Lilli turned to him, “Jesus, Isaac. That’s beautiful. Can I—?” She gestured her desire to take a closer look.
“Sure—that’s an actual game in progress, though, so it’d be good to leave the pieces where they are.” He went with her as she crossed the Hall.
“Who’s playing? You?” She brushed her fingers over the white queen, made of a perfect piece of spruce. She was a beauty; Isaac knew it—all spirals and latticing.
“Told you chess was my game. Show and I have one going pretty much all the time. None of these other *s has the head for chess.” He said that loudly enough for the room to hear him, since he was giving them shit. A lot of the men were smart enough, he thought, but they were mostly the kinds of guys who liked their games loud and drenched in booze. Poker was their game. They all knew to keep their paws off the board, though.
Isaac moved behind Lilli and put his free hand on her hips. He kissed the base of her neck, and she leaned back into him. He knew what the room was seeing. He wasn’t touching her rhetorically, but he was glad of the message nonetheless. He kissed slowly up the sleek line of her neck, and she tipped her head to the side to give him full access. When he reached her ear, he whispered, “You play?”
She turned into his kiss, her head resting against his shoulder. “I know how the pieces move, but no, I’ve never really played.”
“You should, Sport. You’d be great at it. Your mind works the right way.” The shit with Ray rising again to the fore of his thoughts, Isaac pressed his lips to her temple. “C’mon, let’s talk to Show.” He put his bottle to his lips and drained it, then he took her hand and led her back. He nodded toward the office to Show, who drained his beer and came off his stool to follow them.
When the three got back to the office, Isaac led Lilli to the couch against the back wall and sat down next to her. Left with the choice to sit three on the couch, stand, or sit in Isaac’s desk chair, Show, after a quick pause, sat in the chair. That was okay with Isaac. He had no need to remind Show who was in charge, and he wanted to be close to Lilli.

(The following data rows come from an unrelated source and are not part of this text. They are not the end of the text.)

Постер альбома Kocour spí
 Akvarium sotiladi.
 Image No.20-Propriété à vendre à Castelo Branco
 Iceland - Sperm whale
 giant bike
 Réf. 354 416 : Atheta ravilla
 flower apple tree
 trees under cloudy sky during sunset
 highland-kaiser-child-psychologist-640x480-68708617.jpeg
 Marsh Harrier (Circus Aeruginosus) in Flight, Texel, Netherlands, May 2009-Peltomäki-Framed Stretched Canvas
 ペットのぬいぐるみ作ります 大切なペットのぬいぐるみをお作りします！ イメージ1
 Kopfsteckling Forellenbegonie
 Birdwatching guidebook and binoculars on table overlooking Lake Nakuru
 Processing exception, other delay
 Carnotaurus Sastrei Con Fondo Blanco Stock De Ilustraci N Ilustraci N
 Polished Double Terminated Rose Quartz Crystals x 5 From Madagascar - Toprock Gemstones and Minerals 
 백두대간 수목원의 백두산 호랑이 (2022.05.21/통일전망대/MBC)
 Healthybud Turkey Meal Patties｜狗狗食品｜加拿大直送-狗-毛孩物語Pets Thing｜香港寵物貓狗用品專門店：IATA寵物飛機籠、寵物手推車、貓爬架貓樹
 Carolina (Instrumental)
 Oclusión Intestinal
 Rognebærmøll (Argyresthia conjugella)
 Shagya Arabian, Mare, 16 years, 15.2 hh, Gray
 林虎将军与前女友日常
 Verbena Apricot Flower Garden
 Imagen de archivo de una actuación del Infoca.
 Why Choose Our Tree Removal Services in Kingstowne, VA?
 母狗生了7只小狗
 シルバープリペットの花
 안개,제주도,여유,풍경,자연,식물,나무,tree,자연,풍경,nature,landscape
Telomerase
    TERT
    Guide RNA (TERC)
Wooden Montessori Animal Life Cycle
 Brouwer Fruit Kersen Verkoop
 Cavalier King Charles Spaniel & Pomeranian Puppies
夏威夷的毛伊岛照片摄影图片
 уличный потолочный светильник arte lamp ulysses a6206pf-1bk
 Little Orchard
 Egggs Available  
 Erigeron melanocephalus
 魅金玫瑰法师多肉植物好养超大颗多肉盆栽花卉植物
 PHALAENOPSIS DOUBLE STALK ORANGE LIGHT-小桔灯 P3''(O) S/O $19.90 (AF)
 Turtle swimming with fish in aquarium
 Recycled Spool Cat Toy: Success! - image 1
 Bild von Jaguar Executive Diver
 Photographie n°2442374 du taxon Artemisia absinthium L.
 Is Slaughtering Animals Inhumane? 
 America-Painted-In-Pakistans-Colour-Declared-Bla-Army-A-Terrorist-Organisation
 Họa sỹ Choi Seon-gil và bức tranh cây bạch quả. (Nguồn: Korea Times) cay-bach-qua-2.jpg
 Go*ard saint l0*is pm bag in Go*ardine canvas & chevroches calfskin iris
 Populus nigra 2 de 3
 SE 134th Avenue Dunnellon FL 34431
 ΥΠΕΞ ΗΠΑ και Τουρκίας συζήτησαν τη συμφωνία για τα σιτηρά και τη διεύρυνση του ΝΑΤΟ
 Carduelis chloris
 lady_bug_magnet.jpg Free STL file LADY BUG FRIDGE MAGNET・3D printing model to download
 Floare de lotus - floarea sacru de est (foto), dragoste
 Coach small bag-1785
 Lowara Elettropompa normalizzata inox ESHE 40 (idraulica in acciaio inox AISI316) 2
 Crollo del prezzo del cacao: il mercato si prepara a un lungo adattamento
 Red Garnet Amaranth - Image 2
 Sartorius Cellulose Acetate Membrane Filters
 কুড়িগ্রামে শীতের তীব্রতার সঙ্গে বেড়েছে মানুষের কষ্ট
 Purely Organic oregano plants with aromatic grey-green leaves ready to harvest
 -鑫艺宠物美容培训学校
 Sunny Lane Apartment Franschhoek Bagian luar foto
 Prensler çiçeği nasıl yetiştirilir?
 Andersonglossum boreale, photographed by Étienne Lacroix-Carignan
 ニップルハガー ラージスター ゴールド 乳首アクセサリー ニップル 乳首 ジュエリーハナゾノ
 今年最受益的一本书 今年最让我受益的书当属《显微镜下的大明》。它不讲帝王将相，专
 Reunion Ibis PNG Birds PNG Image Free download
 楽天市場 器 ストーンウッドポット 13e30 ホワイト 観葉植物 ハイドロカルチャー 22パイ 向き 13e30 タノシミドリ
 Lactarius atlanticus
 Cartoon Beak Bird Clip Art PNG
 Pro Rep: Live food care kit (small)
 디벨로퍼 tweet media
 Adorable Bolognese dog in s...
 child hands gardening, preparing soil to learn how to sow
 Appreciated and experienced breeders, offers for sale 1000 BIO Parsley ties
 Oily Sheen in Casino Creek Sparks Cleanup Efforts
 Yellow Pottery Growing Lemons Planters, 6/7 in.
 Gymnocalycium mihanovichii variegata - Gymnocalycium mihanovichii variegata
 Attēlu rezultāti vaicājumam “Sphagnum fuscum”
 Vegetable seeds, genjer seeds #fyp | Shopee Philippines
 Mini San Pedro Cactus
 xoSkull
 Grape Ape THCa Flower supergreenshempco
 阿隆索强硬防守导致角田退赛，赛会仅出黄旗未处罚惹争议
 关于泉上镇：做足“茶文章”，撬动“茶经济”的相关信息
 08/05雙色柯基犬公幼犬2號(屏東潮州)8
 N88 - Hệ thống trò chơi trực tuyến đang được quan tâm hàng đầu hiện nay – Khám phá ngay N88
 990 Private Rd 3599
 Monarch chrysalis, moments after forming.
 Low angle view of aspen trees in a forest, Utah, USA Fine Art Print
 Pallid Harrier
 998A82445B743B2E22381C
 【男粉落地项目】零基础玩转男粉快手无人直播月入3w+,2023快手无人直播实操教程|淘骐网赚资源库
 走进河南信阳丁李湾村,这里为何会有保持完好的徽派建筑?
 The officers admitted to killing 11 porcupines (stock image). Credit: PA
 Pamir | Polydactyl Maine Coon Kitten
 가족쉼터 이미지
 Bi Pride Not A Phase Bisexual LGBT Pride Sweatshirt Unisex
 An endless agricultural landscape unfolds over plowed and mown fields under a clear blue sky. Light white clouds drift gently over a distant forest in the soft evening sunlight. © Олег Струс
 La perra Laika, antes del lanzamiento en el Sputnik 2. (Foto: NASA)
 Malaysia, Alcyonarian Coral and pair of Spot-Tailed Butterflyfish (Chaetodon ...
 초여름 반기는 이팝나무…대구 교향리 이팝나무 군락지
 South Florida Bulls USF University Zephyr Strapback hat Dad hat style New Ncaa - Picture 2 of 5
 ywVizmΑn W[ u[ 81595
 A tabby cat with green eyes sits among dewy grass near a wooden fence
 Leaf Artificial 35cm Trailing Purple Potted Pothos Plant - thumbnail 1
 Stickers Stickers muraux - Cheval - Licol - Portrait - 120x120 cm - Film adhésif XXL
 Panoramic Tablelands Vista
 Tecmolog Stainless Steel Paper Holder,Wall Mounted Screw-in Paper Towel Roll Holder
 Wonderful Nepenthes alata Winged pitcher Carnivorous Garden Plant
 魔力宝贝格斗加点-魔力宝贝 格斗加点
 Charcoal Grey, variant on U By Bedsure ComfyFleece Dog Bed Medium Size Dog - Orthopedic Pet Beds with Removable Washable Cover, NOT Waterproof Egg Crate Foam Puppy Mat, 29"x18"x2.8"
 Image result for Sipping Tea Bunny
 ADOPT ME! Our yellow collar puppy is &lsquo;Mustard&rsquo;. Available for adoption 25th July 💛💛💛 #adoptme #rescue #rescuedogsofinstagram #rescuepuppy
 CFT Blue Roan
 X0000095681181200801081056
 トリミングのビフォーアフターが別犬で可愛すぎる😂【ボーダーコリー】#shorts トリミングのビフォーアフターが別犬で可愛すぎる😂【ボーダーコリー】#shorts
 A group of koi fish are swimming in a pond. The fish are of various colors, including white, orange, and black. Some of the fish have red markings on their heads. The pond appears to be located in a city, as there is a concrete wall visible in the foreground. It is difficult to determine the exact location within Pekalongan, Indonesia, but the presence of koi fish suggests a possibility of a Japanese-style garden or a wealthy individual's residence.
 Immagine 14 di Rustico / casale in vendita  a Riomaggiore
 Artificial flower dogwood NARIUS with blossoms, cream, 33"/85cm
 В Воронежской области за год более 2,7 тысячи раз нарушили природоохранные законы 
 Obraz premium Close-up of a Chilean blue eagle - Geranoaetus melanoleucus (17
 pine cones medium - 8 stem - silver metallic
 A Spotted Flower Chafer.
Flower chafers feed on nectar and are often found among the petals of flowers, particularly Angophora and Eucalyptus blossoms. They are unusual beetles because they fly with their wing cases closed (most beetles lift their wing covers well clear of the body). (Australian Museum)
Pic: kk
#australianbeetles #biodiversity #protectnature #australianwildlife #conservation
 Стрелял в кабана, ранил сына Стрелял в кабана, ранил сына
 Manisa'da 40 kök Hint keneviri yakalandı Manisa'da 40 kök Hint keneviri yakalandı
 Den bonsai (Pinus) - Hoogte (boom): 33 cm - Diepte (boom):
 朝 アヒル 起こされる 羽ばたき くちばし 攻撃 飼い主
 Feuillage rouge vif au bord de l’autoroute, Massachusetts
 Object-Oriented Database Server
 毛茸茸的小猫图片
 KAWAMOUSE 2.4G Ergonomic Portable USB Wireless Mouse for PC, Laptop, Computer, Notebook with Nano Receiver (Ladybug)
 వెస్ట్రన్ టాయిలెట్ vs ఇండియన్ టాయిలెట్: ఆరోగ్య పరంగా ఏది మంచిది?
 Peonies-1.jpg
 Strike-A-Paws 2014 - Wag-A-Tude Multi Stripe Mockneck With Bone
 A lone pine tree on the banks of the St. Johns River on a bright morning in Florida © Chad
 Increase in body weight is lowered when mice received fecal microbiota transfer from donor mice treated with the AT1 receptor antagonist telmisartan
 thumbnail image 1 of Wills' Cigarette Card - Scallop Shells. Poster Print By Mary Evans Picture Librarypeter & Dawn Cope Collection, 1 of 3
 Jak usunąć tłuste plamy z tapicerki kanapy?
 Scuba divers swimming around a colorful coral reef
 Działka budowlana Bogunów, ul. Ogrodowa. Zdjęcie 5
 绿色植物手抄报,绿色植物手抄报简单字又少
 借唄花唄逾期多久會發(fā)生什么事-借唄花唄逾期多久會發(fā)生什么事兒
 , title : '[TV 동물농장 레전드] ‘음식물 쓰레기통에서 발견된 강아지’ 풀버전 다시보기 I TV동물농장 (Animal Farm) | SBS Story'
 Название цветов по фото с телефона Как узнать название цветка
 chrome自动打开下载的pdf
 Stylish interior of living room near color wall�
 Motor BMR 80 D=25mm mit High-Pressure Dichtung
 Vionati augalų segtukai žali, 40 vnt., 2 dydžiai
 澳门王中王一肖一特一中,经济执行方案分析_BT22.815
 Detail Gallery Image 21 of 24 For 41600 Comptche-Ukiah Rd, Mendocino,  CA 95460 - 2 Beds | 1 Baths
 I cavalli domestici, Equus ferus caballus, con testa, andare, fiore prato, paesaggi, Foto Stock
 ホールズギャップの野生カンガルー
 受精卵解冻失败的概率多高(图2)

“We got ourselves a problem, Show. I need you to hear Lilli out. Can’t leave this room, though. Stays between us three until we’re ready to do what we decide to do.” Without a word, Showdown nodded and turned to Lilli, waiting for her to say her piece. With an uncertain glance at Isaac, she did. She told the story almost exactly as she’d told him. Isaac got the sense that it was the only way she could tell it, almost as if she were reading back a transcription.
Isaac watched Show as Lilli spoke. His VP was several years older than he, and the smartest man Isaac knew. He would have made a good president, too, but he was too smart to want it. Getting him to agree to be VP had taken Isaac a lot of effort. But from the time he was a teen, it was Show he could talk to, Show who had the right view on things. He was the kind of guy who sat back and saw everything. He wasn’t slow to act when action was needed, but he never acted simply for the sake of the action. He was quiet and thoughtful. He’d been in the club for a long time, and he’d seen some heavy shit, but he was content running the feed store and going home at night to his little house, and spending the evening with his wife and three daughters.